I have a set of predictor variables and a target variable. I am really
confused with regards to what method to use for forecasting the target
variable.
Start with the same things as you would started with analyzing this data as usual: look at the plots, summary statistics, clean the data if there are any errors, analyze the missing data -- if needed make decisions on what to do with missings (e.g. use single or multiple imputation). Think about your problem: What is your data? What do you want to know? Does your data enable you to answer the question that you are asking? If not, maybe you can rephrase your question to answerable one? Is there any pattern in your data that makes forecast possible (if it is purely random than your options are limited; search for "forecastability"). Consider if your data is sufficient for forecasting (e.g. if you want to make a prediction about next five years than you should have at least data on the previous five years, but in most cases much more than that). If you are modeling time-series than you have to thing about nature of the series: is there any seasonality (e.g. increases in summer and drops in winter)? Are there any things that happen with some regularity that influence your data? Is your data autocorrelated? Finally, do you have any a priori knowledge about your data (e.g. if you want to predict human height it simply cannot be lower than zero)? Take all those cases into consideration. You can find a friendly popular introduction to thinking about forecasting in Nate Silvers (2012) book The Signal and the Noise. See also The Black Swan by Taleb (2007) for critique and examples of forecasts going wrong.

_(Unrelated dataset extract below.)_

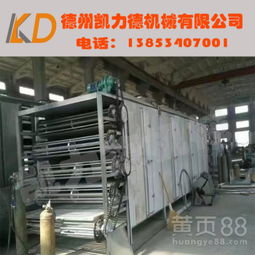 食品銷售行業的高效助手 大型網帶式干燥機廠家直銷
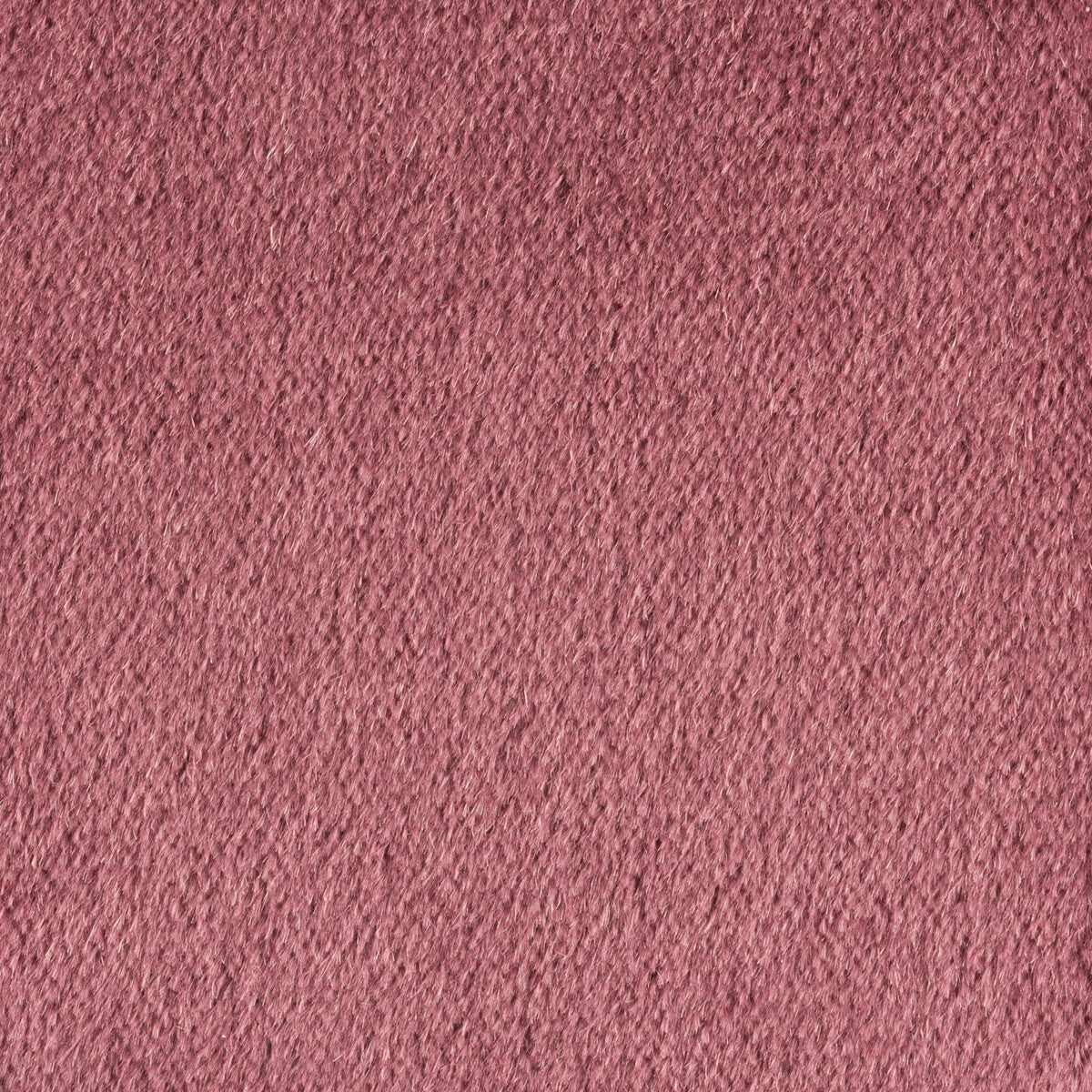 KRAVET COUTURE 34259.739.0 PLAZZO MOHAIR TULIPWOOD Fabric - Eade's Wallpaper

Now, after spending some time with looking and thinking about your data you have to choose appropriate method or model for it. If it is time-series data than consider one of the multiple methods for modeling and forecasting time-series (e.g. exponential smoothing, ARIMA). You can include time component in regression or generalized linear model and in some cases this is preferable method. Sometimes you need non-linear models, machine learning methods or other. If you want to include out-of-data information in your model you may need a Bayesian model. You may be also interested in conducting simulation and then base your judgment based on possible scenarios that emerged from simulation. There is too many possible choices to summarize them in a single answer, so if you are not familiar with those methods than start with some statistics handbook, check also handbooks on time-series (e.g. Chatfield, 2003) and forecasting (e.g. Hyndman and Athanasopoulos, 2013). Notice also that sometimes simpler methods perform better than the complicated ones.
If you made your forecast, then you have to asses its performance. For this you can use bootstrap, cross-validation, hold out sample (sample that was not used during model training phase and is used only for testing your model), you can learn your model on first $N-k$ observations and try to predict results for the following $k$ cases. Remember that in most cases perfect forecast is not possible, you are looking for the best one you can get from this data and with the tools that you have. Remember also that it is often the case that if you take few forecasts made using different methods and take weighted average of them, then the averaged forecast ofter outperforms individual forecasts.
For example, my data set has monthly customer profit (which is my
target variable) and a set of predictor variables (balances of
different accounts) for one year for each customer.
It is hard to comment on this one, because it really depends on what is your data and what you want to forecast, but reviewing the literature should help you to get some insight about methods that fit your problem (check the links I provided and the books I refer to for some introduction).
I need to predict the profit for the next 5 years. I am confused in
that I do not have the data (predictor variables) for the future.
Well... that is what forecasting is about. You build a model using the data that you have and then use this data to make educated guesses about the future. Illustrating it with simple regression model, imagine that you have model
$$ y_i = \beta_0 + \beta_1 x_i + \varepsilon_i $$
you use some data for estimating this model what leads to obtaining $\hat \beta_0$ and $\hat \beta_1$ parameters, next you use those estimated parameters and external data $x^*$ to predict unknown $y^*$ by using the formula
$$ y_i^* = \hat\beta_0 + \hat\beta_1 x_i^* $$
In this thread you can find example for making such predictions using a Bayesian model in JAGS. This part is tricky because you have to consider if it is really the case that model estimated on the data you have is adequate for applying it to the future (e.g. you have data on growth of 5-year-olds and want to use it to predict growth of adults -- the model would be obviously incorrect because rapid growth of children stops at some point). Remember that your forecast would probably be wrong, provide a prediction interval so to asses possible variability of the future values rather than single point estimate. Finally, remember that all models are wrong and you are looking for a useful one.
Silver, N. (2012). The Signal and the Noise: Why So Many Predictions Fail-but Some Don't. Penguin Group.
Chatfield, C. (2003). The Analysis of Time Series: An Introduction. Chapman and Hall/CRC.
Hyndman, R.J. and Athanasopoulos, G. (2013). Forecasting: principles and practice. OTexts.
Taleb, N.N. (2007). The Black Swan: The Impact of the Highly Improbable. Random House.